The article title is, The Selfish Side of Gratitude, and it is worth a read to shake all of us up and out of some of our complacency and self-indulgence.

The article addresses the very popular notion of “an attitude of gratitude” and how proponents of positive thinking suggest that nourishing that attitude translates into increased happiness, better health, and overall wellbeing. The author points out that much of what we do to express gratitude does not require interactions with other people and is selfishness. An example of that selfishness is creating a gratitude journal and writing down things like being grateful for having a roof over your head and food on the table.

It is great to be thankful for having food on the table, but this type of gratitude doesn’t recognize all the people (the community) involved in putting food on our tables – farmers, laborers, truckers, and many others.

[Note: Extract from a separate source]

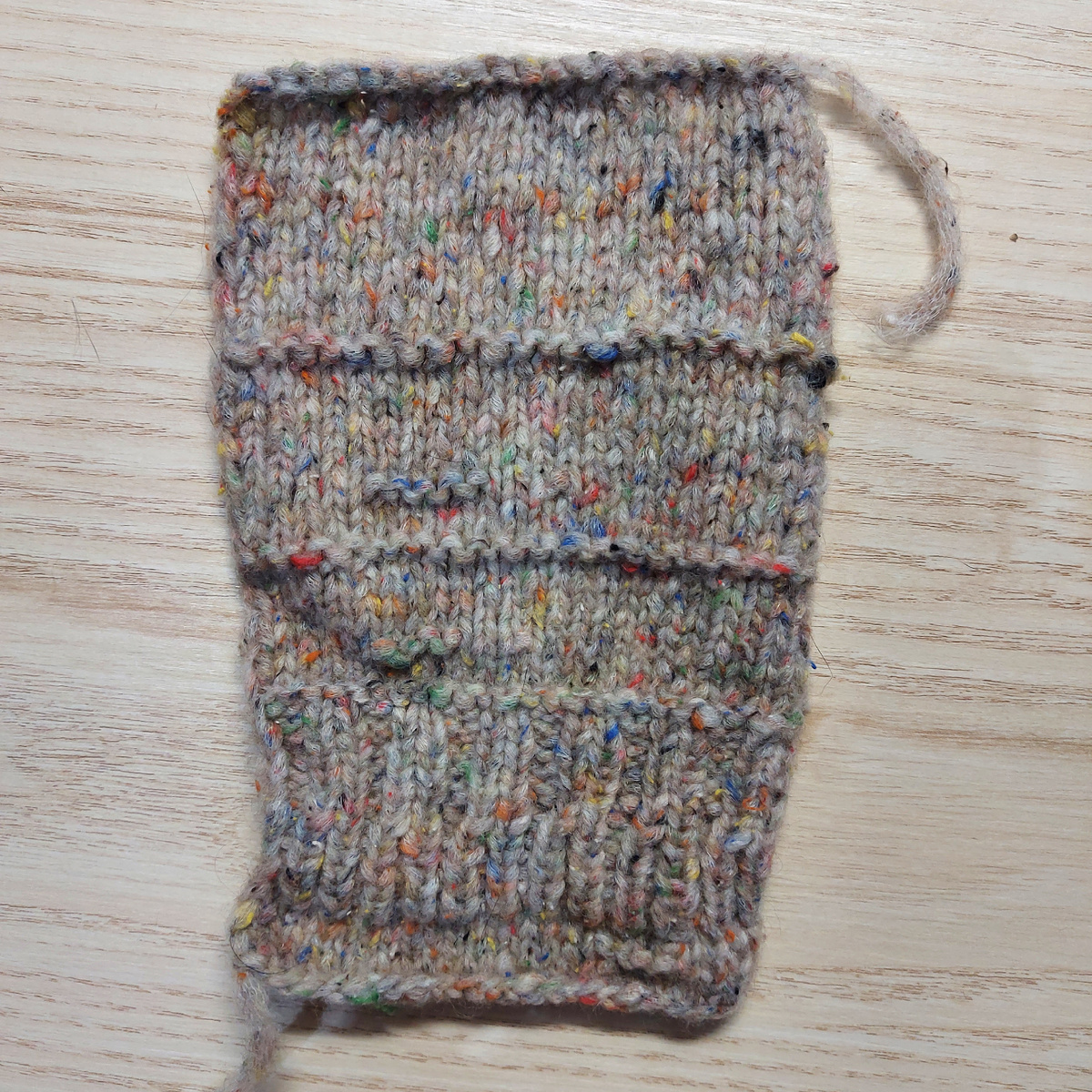 Верхняя полоса - спицы 6 мм, резинка 2х2 - спицы 4мм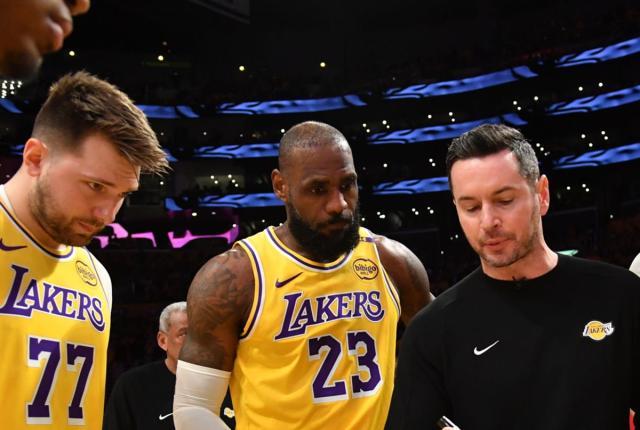 kaiyun-10胜1负防守第一！揭秘湖人变脸冲冠：东皇有两护法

The author suggests that instead of gratitude we should instead practice “solidarity” and try to get people a better working environment or conditions and higher wages – as a way of truly expressing gratitude that does much more than making a list.

I’m not going to throw out the idea of a gratitude journal or list. I like putting gratitude in the forefront of my thoughts every day, but the premise of the article is great to consider. I see how keeping a list does something to elevate my mood, but it doesn’t do anything for anyone else. A list may make me feel good, but it doesn’t make the world a better place.

As a writer, working alone in my living room most days of the week, it is important for me to do things for other people. It is important for me to get out of my thoughts and my world from time to time. Writing is a solitary experience and although I can write articles and essays that address inequality, marginalization, injustice, etc. it isn’t the same as talking to people, thanking them and finding out what it is that would make their life better.

And even if it turns out that there is little I can do to make someone’s life better, I can be kind to the people behind the counter at the grocery store. I can be kind to the baristas at the coffee shop. I can be kind to the mailperson, and the garbage collectors. I can wish them a good day, and maybe even ask them their name. I can keep my eyes and ears open for ways to make their lives better because their work makes my life better and being willing to act on that is true gratitude – a kind of thanksgiving- giving something to those who make our lives easier and more comfortable. It takes a community to create a working society, and every member’s contribution is valuable. Maybe keeping a list can be the beginning of not taking anyone for granted.